▽

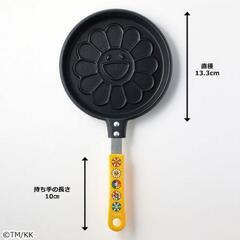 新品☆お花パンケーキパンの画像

△
▽

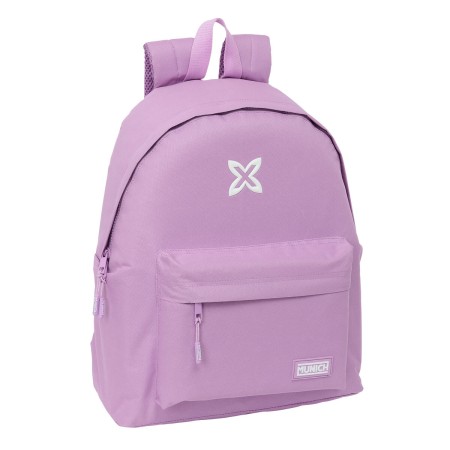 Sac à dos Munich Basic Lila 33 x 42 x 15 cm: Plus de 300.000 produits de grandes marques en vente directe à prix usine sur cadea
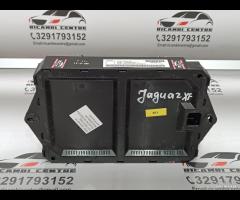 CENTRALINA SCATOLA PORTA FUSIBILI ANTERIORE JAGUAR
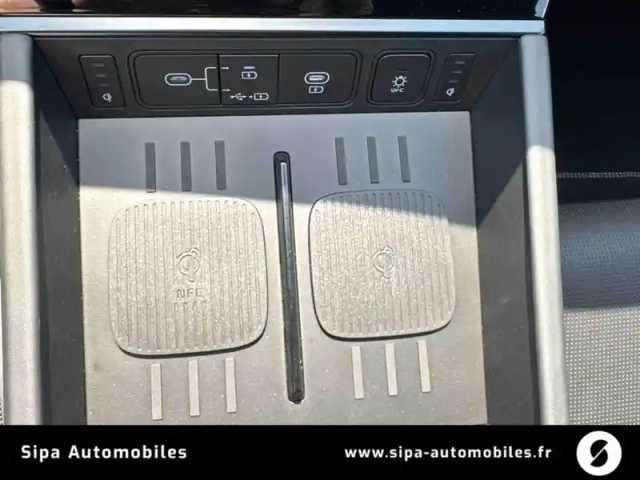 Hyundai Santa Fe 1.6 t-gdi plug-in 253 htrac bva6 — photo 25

△

### YOUR INSTRUCTIONS
Using the data above, set down each line from the line with "Sac à dos Munich" to the line with "Hyundai Santa Fe" exactly, both ends included, and leave the pictures behind. Nothing else belongs.

### OUTPUT BELOW
 Sac à dos Munich Basic Lila 33 x 42 x 15 cm: Plus de 300.000 produits de grandes marques en vente directe à prix usine sur cadea
 CENTRALINA SCATOLA PORTA FUSIBILI ANTERIORE JAGUAR
 Hyundai Santa Fe 1.6 t-gdi plug-in 253 htrac bva6 — photo 25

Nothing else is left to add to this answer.